Here are some examples of external entity declarations:

<!ENTITY open-hatch SYSTEM    
         "http://www.textuality.com/boilerplate/OpenHatch.xml">
<!ENTITY open-hatch PUBLIC 
         "-//Textuality//TEXT Standard open-hatch boilerplate//EN"
         "http://www.textuality.com/boilerplate/OpenHatch.xml">
<!ENTITY hatch-pic SYSTEM 
         "../grafix/OpenHatch.gif"
         NDATA gif >

Correct me if I am wrong. A general, internal entity replaces the entity name (&ent;) in the document body with the string declared. Does an external entity replaces the entity name with the entire content of an external document?


Solution

  • Yes you are understanding correctly. An entity reference (like &open-hatch;) is a reference to whatever is defined in the ENTITY declaration.

    Notations are used to specify non-XML (unparsed) data. In the example above the ENTITY declaration specifies that the content of OpenHatch.gif is the notation gif. There would also need to be a corresponding NOTATION declaration for gif. This can be used by an XML processor or application to find another application that can process the data for that notation.

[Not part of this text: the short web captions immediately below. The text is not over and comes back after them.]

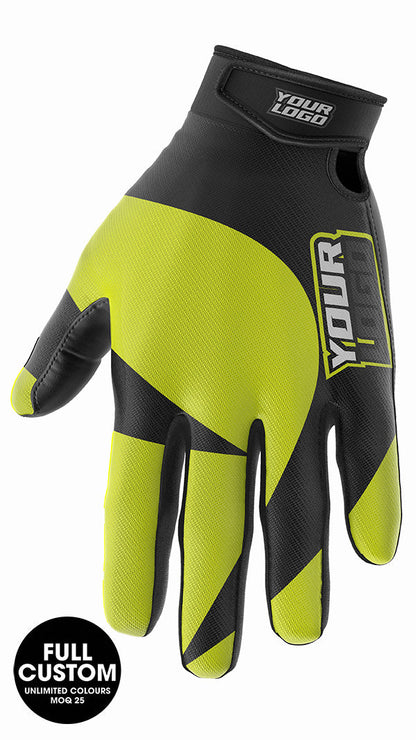 Neon yellow and black motorcycle gloves with custom logo design.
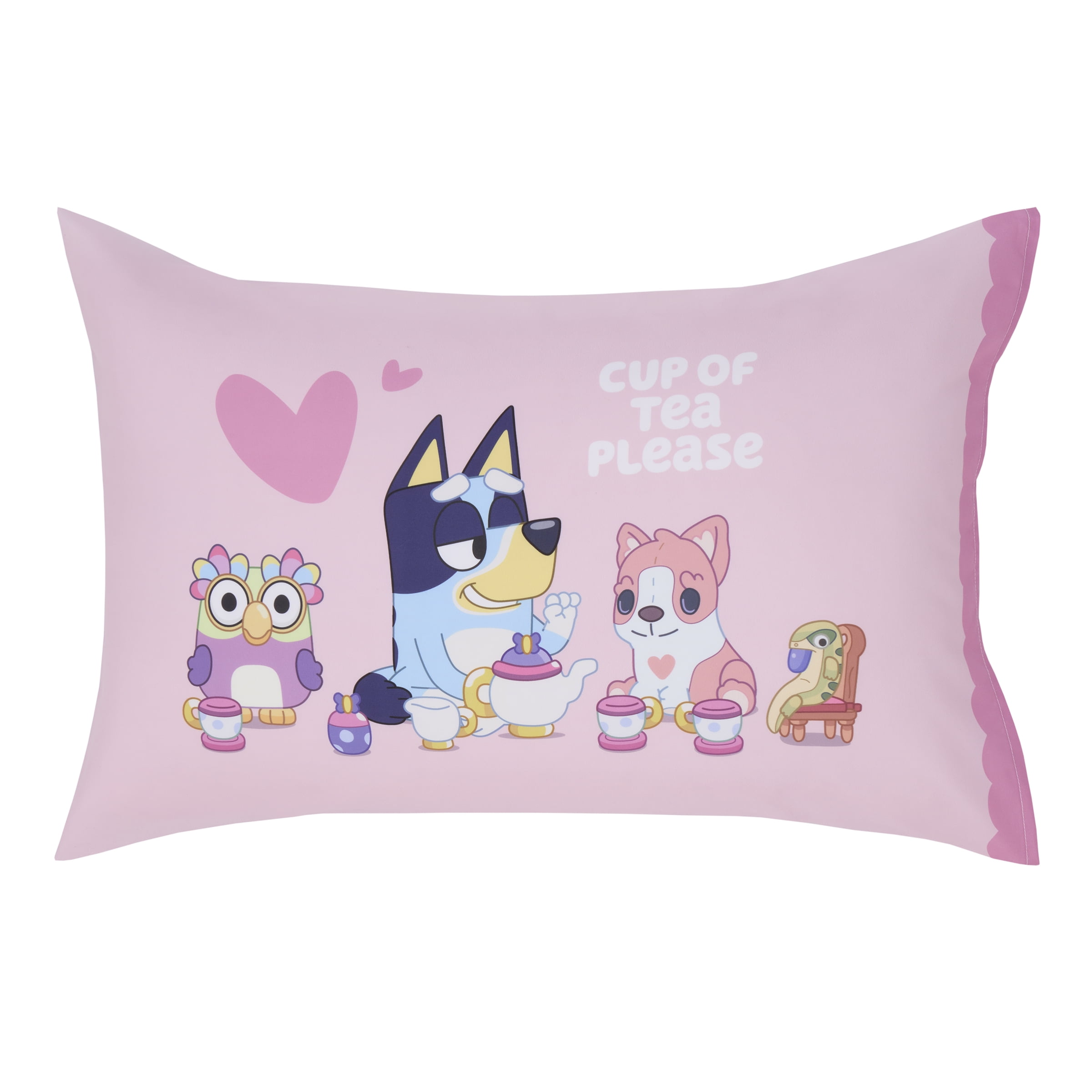 Bluey Best Day Ever 4 Piece Toddler Bed Set, Toddler Girl, Pink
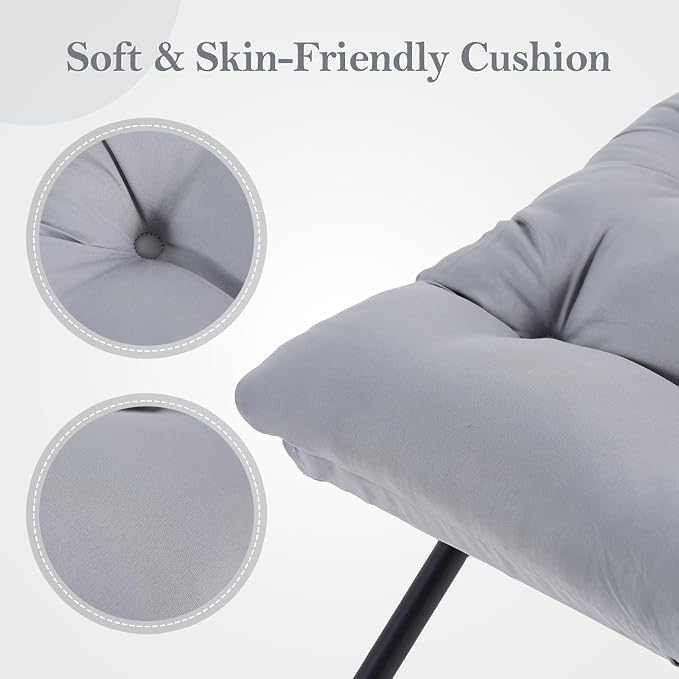 Welnow Folding Foot Stool, Upholstered Small Accent Ottoman with Detachable Thick Cotton Cushion, Padded Sofa Stool with Straight Metal Legs for Lazy Chair, Living Room, Bedroom, Light Grey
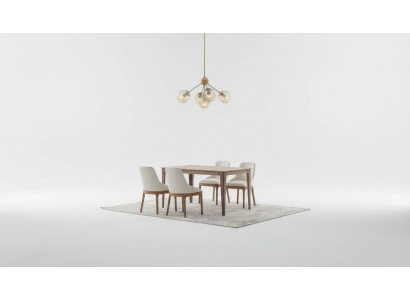 Luxe eetkamerset Rechthoekige eettafel 6x stoffen stoelen 9-delig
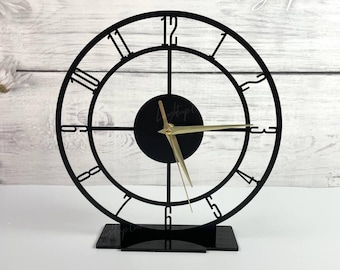 Metal Table Clock | Personalized Modern Tabletop Clock for Office | Classic Desk Morden Clock | Bookshelf Decor | Corporate Gifts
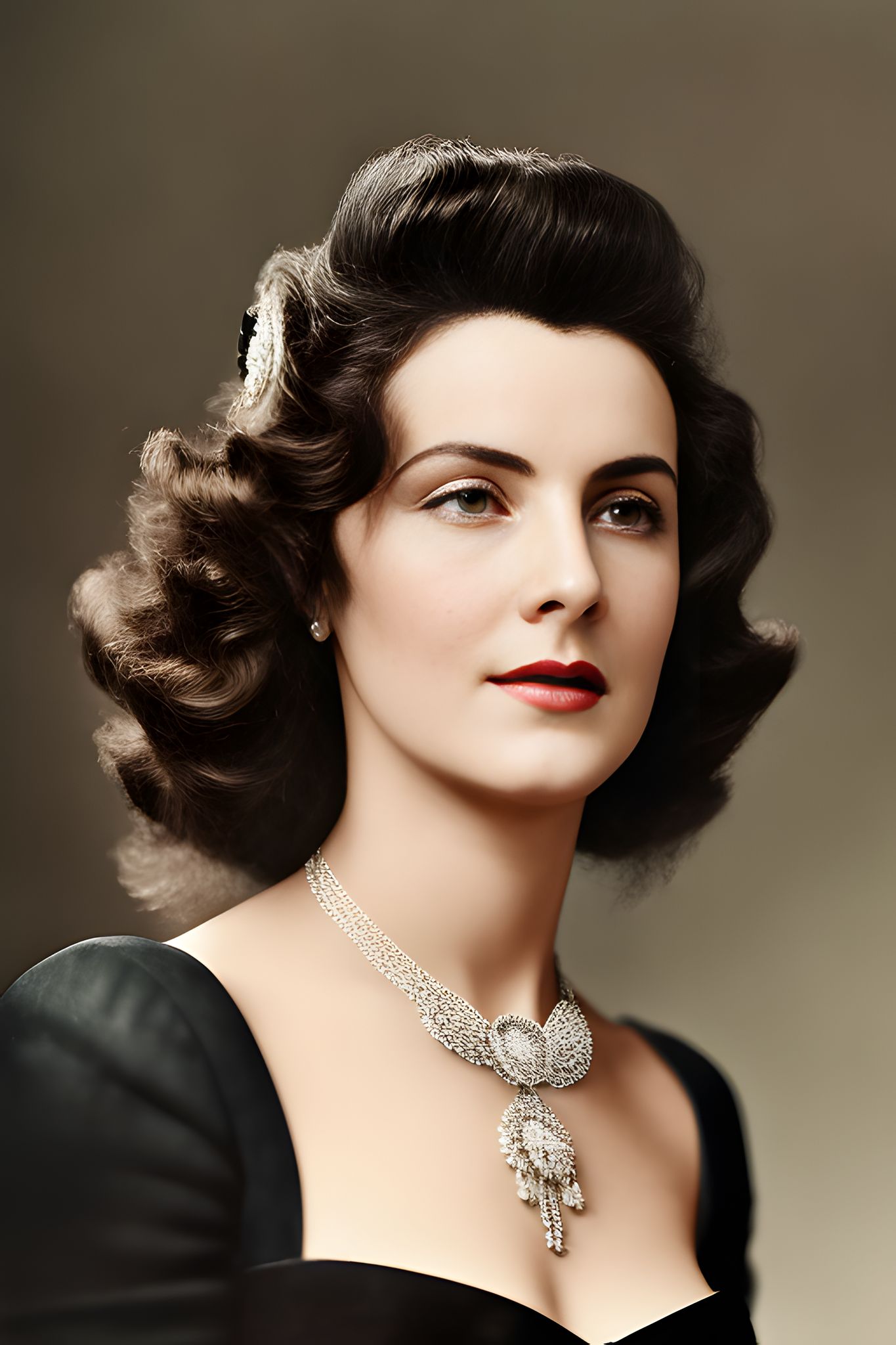 Portrait of a woman with dark, styled hair, wearing a black dress and a diamond necklace.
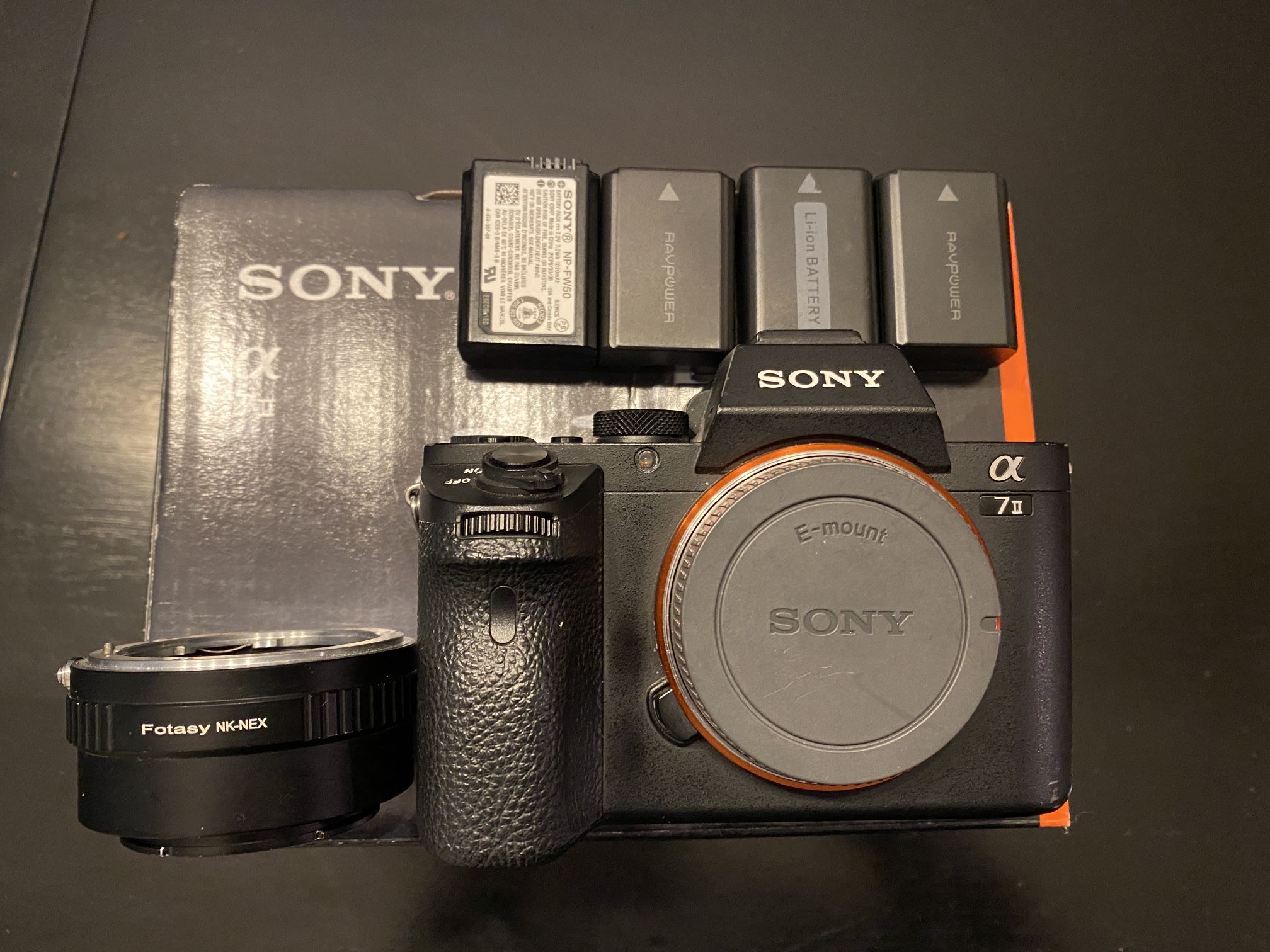 Sony A7II with Extra Batteries, Charger And Nikon F Adapter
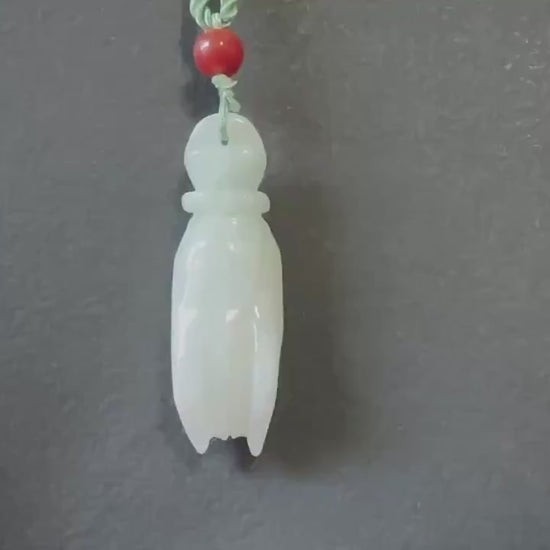 Natural Myanmar Buddha Hand White Jade with Green Tint Pendant Necklace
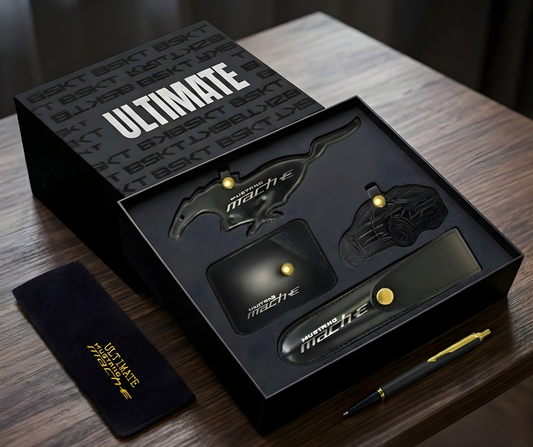 Premium black leather gift set with Parker pen and Mustang Mach-E accessories in magnetic storage box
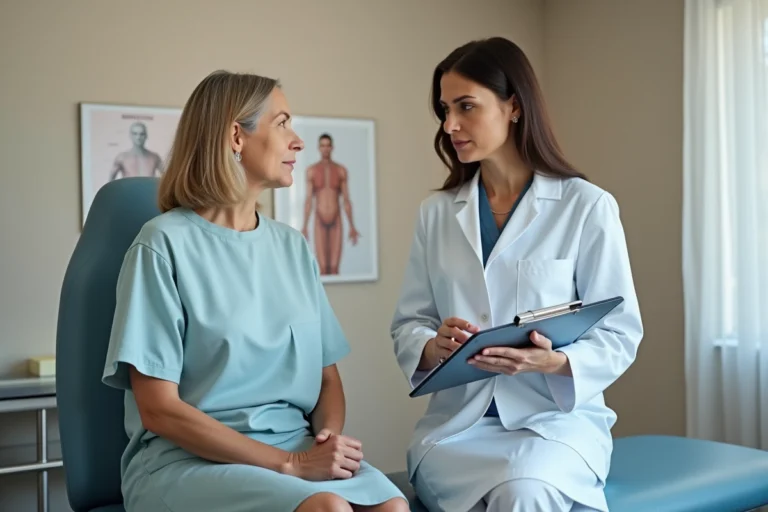 Consultation médicale entre une patiente et une dermatologue pour diagnostiquer et traiter le zona, dans un cabinet médical moderne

    Also, entities don't always need to be referenced by the usual &entity-name; method. Attribute can also be specified as the type ENTITY. You see this a lot with notational data (NDATA) like graphics.

    For example...

    <?xml version="1.0" encoding="UTF-8"?>
    <!DOCTYPE doc [
    <!ELEMENT doc (graphic)>
    <!ELEMENT graphic EMPTY>
    <!ATTLIST graphic
              src ENTITY #REQUIRED>
    <!NOTATION cgm PUBLIC "-//USA-DOD//NOTATION Computer Graphics Metafile//EN">
    <!ENTITY test-image SYSTEM "cgm/test-image.cgm" NDATA cgm>
    ]>
    <doc>
        <graphic src="test-image"/>
    </doc>
    

    In the above example, I have an ENTITY named test-image. That entity is a reference to the file cgm/test-image.cgm which is the notation cgm. The entity is referenced by the src attribute of the graphic element. How all of this information is used depends on what application is consuming the data.